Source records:
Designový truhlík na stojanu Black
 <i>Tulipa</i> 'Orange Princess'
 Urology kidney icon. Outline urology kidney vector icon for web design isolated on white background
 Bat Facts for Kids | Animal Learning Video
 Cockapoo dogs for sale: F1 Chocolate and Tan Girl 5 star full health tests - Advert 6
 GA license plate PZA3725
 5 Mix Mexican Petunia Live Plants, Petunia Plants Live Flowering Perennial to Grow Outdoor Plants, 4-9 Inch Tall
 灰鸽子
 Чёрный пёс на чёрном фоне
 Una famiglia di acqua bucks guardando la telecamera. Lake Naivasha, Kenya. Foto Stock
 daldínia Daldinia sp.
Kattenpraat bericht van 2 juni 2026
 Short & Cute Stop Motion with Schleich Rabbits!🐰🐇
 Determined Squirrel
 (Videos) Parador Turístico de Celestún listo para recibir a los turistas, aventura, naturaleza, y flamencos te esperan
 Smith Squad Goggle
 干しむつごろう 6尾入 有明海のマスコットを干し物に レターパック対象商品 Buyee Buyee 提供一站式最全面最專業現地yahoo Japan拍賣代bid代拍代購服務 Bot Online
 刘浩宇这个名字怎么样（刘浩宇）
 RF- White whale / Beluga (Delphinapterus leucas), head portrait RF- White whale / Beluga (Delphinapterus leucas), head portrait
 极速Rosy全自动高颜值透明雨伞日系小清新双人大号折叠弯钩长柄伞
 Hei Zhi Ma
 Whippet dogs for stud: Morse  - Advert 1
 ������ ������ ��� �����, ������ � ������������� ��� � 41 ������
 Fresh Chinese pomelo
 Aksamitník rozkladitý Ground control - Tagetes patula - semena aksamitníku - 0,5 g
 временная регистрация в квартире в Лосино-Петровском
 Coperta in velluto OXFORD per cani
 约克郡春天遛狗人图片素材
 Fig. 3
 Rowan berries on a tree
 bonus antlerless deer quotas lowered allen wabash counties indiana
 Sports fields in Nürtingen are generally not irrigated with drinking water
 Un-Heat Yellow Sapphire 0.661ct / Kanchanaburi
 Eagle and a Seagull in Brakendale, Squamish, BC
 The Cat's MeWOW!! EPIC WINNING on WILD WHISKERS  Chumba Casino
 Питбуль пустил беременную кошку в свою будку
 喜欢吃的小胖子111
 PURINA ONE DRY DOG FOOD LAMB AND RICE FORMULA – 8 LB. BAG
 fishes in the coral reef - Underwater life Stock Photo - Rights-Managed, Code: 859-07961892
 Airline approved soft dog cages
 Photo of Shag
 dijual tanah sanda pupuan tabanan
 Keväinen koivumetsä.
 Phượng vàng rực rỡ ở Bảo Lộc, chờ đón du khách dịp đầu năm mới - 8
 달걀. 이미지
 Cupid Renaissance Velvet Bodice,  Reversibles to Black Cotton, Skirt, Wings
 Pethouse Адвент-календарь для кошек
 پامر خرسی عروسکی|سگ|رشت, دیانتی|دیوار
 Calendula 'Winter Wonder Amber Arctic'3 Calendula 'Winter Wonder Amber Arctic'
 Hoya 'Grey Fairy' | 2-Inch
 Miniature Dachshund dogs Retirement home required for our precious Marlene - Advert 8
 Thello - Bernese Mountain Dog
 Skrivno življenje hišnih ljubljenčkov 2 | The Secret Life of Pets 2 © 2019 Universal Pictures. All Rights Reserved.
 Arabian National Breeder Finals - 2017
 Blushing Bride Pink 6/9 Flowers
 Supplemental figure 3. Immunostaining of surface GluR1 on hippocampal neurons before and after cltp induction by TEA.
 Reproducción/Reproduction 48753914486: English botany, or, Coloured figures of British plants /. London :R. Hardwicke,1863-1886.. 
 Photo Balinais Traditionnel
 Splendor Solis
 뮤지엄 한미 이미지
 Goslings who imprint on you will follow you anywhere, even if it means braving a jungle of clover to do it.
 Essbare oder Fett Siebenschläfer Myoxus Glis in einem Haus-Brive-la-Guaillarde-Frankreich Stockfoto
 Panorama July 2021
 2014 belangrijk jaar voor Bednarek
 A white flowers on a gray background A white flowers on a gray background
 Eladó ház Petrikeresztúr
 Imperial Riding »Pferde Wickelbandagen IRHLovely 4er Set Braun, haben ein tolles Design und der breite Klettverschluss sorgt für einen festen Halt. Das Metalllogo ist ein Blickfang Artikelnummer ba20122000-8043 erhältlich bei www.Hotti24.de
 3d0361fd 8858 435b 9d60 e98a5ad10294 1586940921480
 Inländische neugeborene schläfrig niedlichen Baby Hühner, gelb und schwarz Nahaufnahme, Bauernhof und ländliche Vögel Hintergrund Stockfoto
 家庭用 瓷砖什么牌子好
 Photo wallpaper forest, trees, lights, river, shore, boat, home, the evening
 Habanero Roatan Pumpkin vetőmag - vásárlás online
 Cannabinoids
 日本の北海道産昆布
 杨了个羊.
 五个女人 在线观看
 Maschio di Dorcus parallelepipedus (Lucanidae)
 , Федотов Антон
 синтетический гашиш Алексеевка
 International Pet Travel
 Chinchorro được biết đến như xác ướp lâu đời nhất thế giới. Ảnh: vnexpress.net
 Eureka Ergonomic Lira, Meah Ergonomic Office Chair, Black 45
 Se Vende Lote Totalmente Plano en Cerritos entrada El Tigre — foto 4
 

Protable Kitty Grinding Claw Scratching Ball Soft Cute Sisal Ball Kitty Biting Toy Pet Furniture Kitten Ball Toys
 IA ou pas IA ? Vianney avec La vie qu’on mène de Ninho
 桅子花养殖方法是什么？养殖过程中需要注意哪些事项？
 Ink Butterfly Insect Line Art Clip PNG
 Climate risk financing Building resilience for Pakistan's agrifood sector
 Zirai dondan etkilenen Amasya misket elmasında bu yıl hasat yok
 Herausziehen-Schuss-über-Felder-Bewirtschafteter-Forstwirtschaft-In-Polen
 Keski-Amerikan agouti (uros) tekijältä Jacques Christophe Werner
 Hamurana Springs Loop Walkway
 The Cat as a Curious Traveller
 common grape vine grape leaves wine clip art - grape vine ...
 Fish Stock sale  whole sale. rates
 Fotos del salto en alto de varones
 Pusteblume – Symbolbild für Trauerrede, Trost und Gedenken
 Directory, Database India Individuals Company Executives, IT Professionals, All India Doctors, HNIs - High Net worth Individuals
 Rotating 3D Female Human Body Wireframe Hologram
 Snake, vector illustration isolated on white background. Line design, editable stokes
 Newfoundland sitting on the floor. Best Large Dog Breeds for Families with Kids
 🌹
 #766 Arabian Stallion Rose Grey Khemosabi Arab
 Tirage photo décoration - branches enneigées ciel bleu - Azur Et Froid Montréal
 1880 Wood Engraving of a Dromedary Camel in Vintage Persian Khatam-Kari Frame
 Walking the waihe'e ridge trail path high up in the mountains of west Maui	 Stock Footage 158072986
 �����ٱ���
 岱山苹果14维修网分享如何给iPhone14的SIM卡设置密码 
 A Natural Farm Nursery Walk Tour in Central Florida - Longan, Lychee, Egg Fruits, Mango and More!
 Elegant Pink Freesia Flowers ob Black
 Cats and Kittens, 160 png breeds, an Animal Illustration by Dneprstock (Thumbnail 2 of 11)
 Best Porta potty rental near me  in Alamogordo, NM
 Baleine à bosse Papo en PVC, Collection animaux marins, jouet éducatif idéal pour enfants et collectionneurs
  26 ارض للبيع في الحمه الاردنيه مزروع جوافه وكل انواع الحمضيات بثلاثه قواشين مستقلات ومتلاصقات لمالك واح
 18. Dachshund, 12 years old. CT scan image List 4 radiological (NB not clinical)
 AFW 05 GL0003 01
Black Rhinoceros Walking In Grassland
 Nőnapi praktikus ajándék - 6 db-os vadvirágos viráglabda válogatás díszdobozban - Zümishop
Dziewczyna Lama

* _ABOUT THIS TASK_
Retype exactly the lines from the first line of the records above through the line containing "Rowan berries on a tree", both included, and nothing else.

* _WRITTEN ANSWER_
Designový truhlík na stojanu Black
 <i>Tulipa</i> 'Orange Princess'
 Urology kidney icon. Outline urology kidney vector icon for web design isolated on white background
 Bat Facts for Kids | Animal Learning Video
 Cockapoo dogs for sale: F1 Chocolate and Tan Girl 5 star full health tests - Advert 6
 GA license plate PZA3725
 5 Mix Mexican Petunia Live Plants, Petunia Plants Live Flowering Perennial to Grow Outdoor Plants, 4-9 Inch Tall
 灰鸽子
 Чёрный пёс на чёрном фоне
 Una famiglia di acqua bucks guardando la telecamera. Lake Naivasha, Kenya. Foto Stock
 daldínia Daldinia sp.
Kattenpraat bericht van 2 juni 2026
 Short & Cute Stop Motion with Schleich Rabbits!🐰🐇
 Determined Squirrel
 (Videos) Parador Turístico de Celestún listo para recibir a los turistas, aventura, naturaleza, y flamencos te esperan
 Smith Squad Goggle
 干しむつごろう 6尾入 有明海のマスコットを干し物に レターパック対象商品 Buyee Buyee 提供一站式最全面最專業現地yahoo Japan拍賣代bid代拍代購服務 Bot Online
 刘浩宇这个名字怎么样（刘浩宇）
 RF- White whale / Beluga (Delphinapterus leucas), head portrait RF- White whale / Beluga (Delphinapterus leucas), head portrait
 极速Rosy全自动高颜值透明雨伞日系小清新双人大号折叠弯钩长柄伞
 Hei Zhi Ma
 Whippet dogs for stud: Morse  - Advert 1
 ������ ������ ��� �����, ������ � ������������� ��� � 41 ������
 Fresh Chinese pomelo
 Aksamitník rozkladitý Ground control - Tagetes patula - semena aksamitníku - 0,5 g
 временная регистрация в квартире в Лосино-Петровском
 Coperta in velluto OXFORD per cani
 约克郡春天遛狗人图片素材
 Fig. 3
 Rowan berries on a tree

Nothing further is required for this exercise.